The day things changed: There would be days where I would sit in my office feeling unwanted. My job was not all that bad to be honest, but then I knew there was something where I was not fitting the jigsaw. I would talk to the other employees who joined with me and they would tell me how their biggest priority was to get promoted the next year, or to get a salary hike. And my priority would be to wait for some cultural activity to happen at work so that I could be myself again. I was always aware of being a little different from the rest. I saw a lot of joy in things that other people there could not see. I think the decision of quitting my job just came all of a sudden. I still remember that I managed to get out of my workplace before sunset so when I came out I actually saw what an evening looked like. I came back home, made a hot cup of ginger tea and wrote in my journal.
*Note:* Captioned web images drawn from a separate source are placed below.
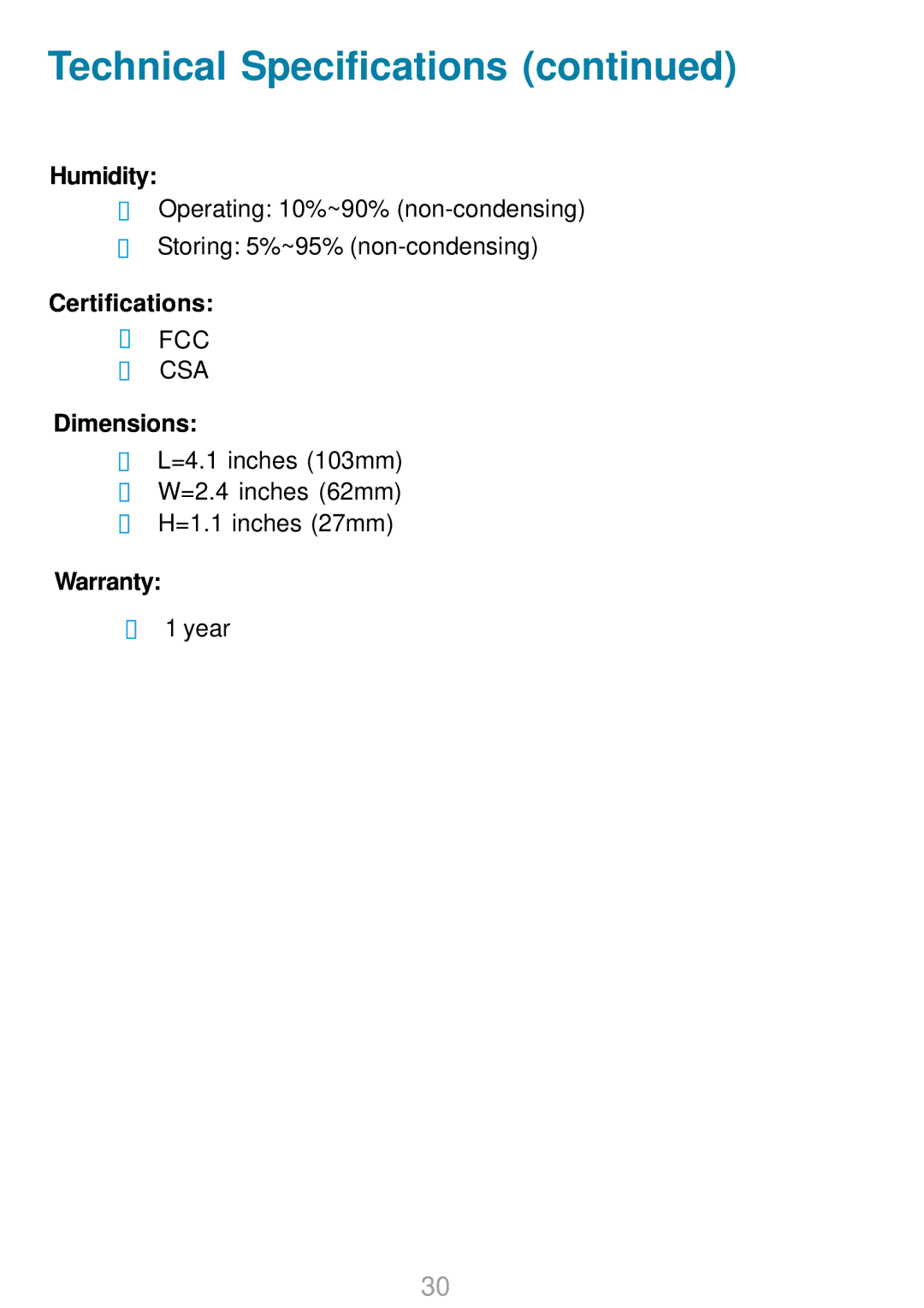 D-Link DWL-G820 manual Humidity 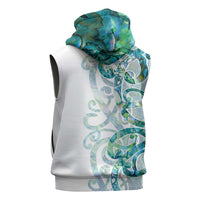 Paua Shell Maori Sleeveless Zip Hoodie Koru Kowhaiwhai - Polynesian Pride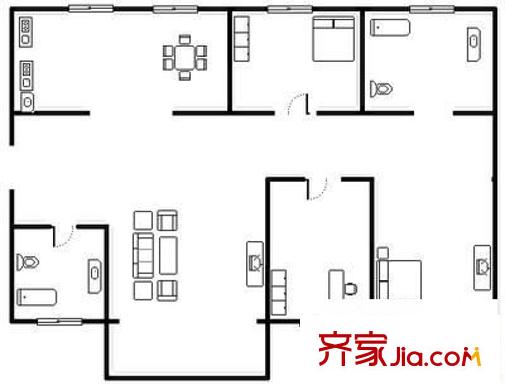 中國(guó)國(guó)際服裝城戶型圖戶型圖 3室2廳2衛(wèi)1廚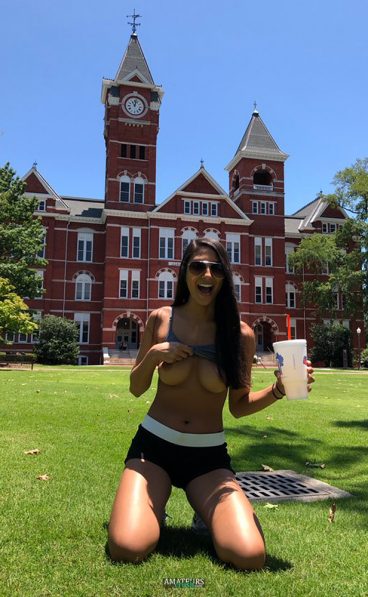 College girl flashing in public amateur outdoor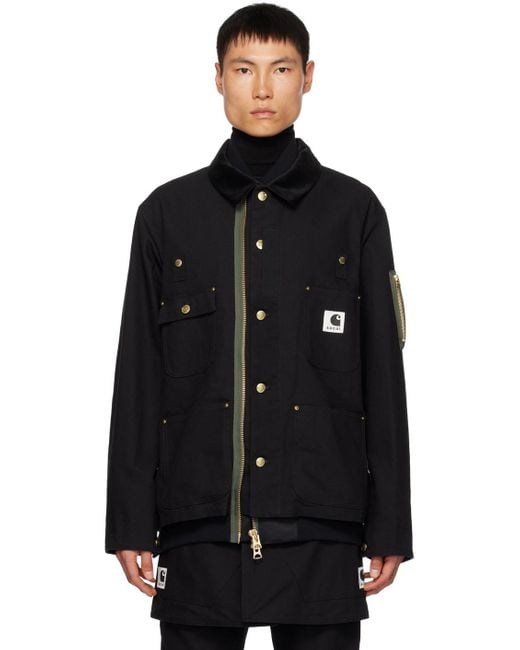 Sacai Black Carhartt Wip Edition Bomber Jacket for men
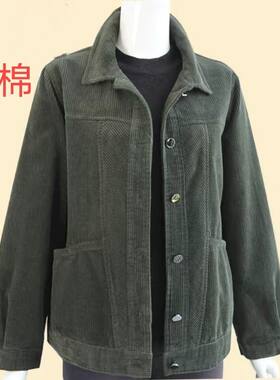 中老年女春秋纯棉外套老人条绒风衣加大码中年灯芯绒全棉夹克妈妈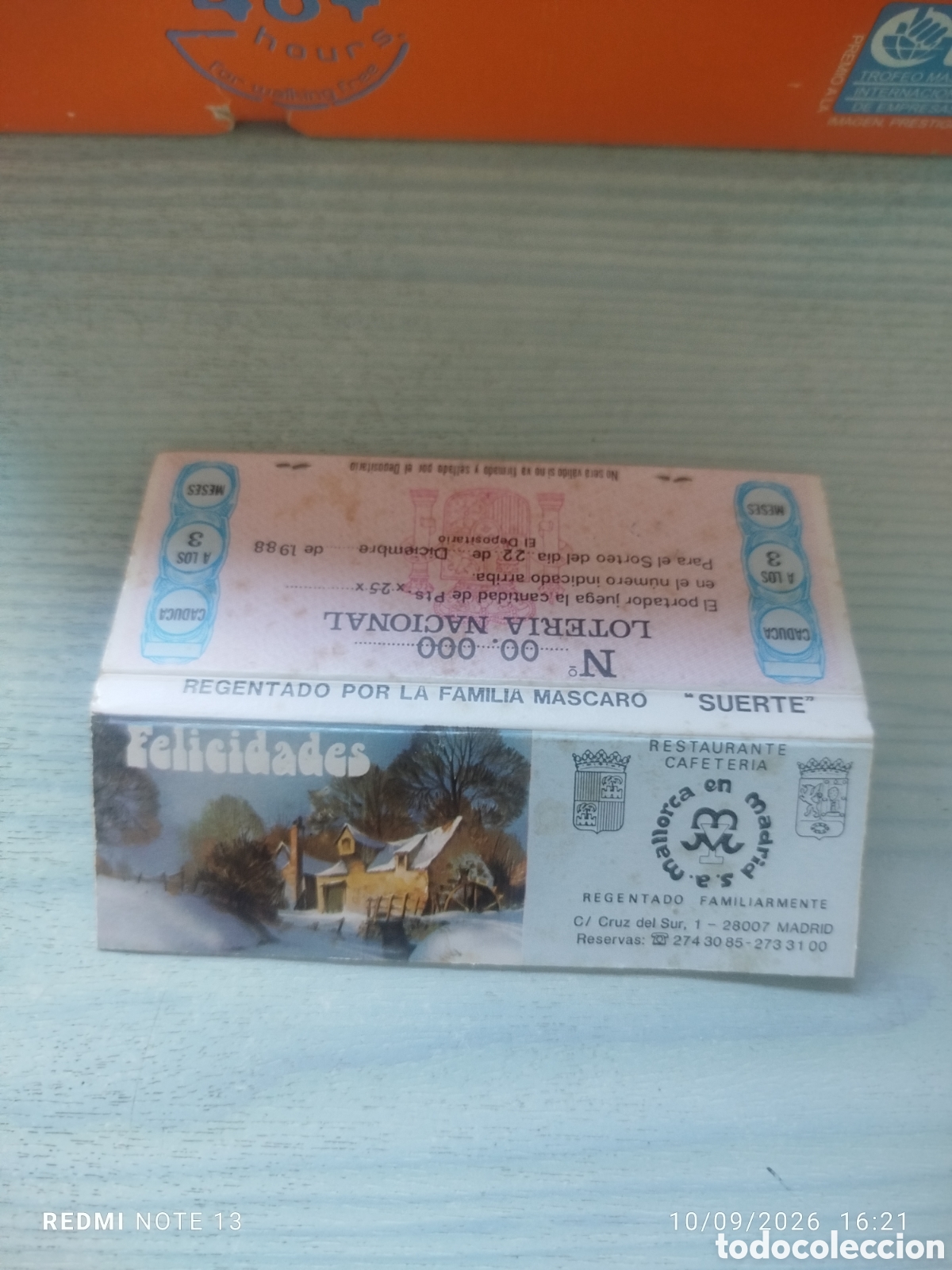 Cajas de cerillas: CAJA CERILLAS ..Restaurante Mallorca -MADRID 1988-
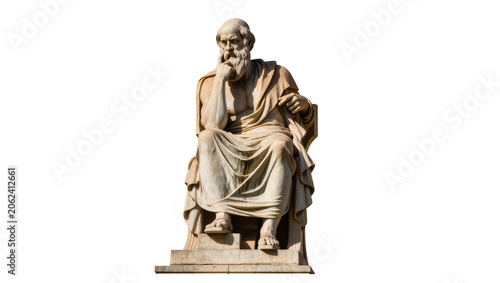 Ancient Greek philosopher statue with beard draped in robes seated and contemplating, isolated on transparent background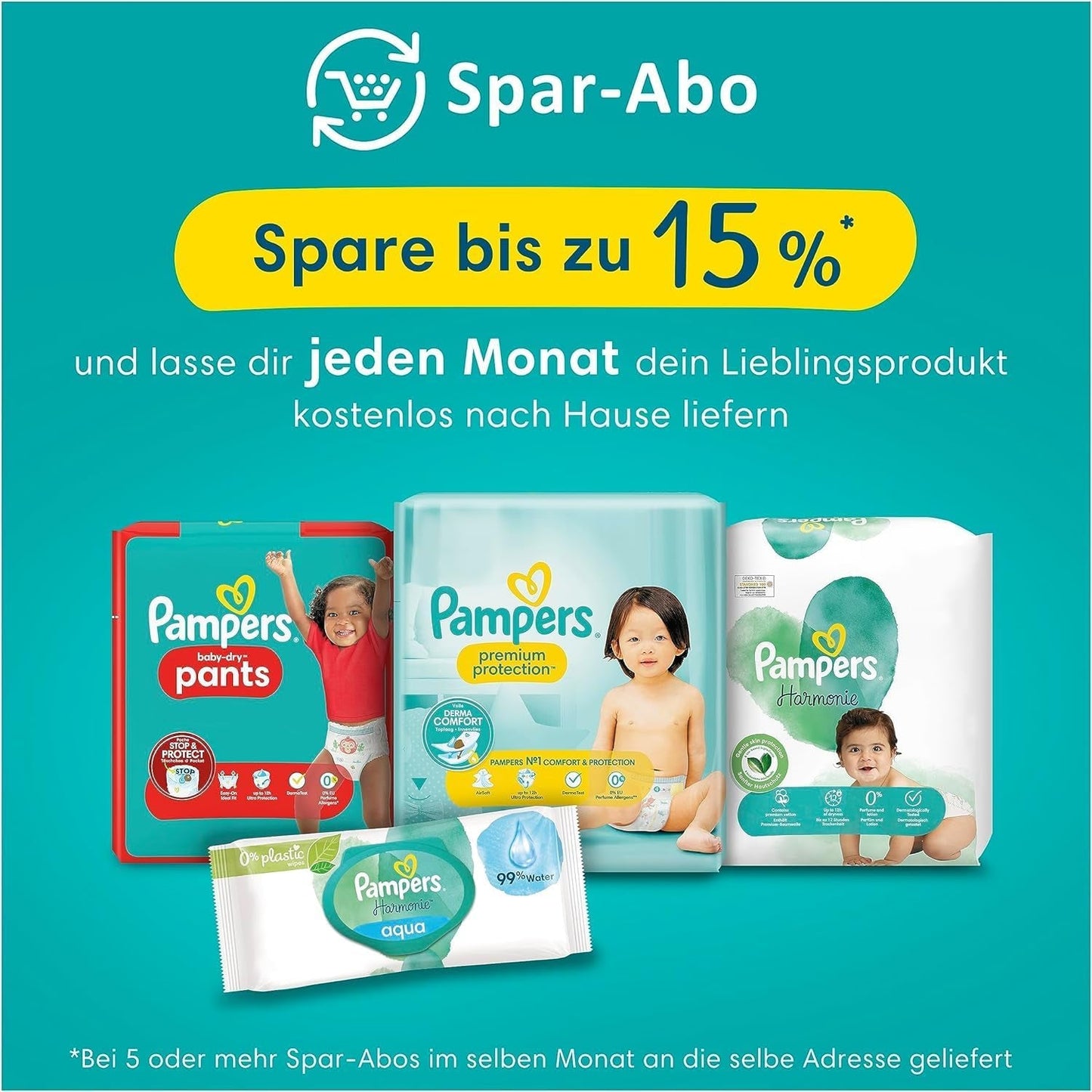 Pieluszki dla niemowląt Pampers, rozmiar 2 (4-8 kg), Harmony, pudełko Half Moon, delikatna ochrona skóry i składniki ziołowe, 240 sztuk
I don’t know what it was about that day, maybe it was just seeing the sun, but I wrote one line in my journal that said “When I am 70 and maybe writing this same journal, I don’t want to look back thinking how scared I was to take a risk, a risk of something that might just be my path to getting joy in life”. And that was it. I just quit. Now the next step was funnier since I had absolutely no idea about how the dancing field worked. Initially I decided I would just train for a year and then see where life takes me. But teaching dance just came about like a coincidence. In the field of dancing, I learnt that dancing improves so much when you start teaching. You get more clarity. And then one thing led to another, and then I started performing and then started my own dance company Piah Dance Company, created a dance team, succeeded in doing two annual contemporary folk dance productions apart from the various performances we did. We succeeded in bringing the idea of contemporary folk of Gujarat to Bangalore. One thing led to another and then Dance India Dance Season 5 happened. I was among the 12 finalists and could not believe that I was finally getting to live the life I just dreamed of 6 years ago. I have always been grateful about everything around and keep striving to get better. That’s the only way to go about it. I blog quite a lot about how to be happy and content, and one of my biggest dreams is to get invited by TED to talk about my journey and the path to really being happy.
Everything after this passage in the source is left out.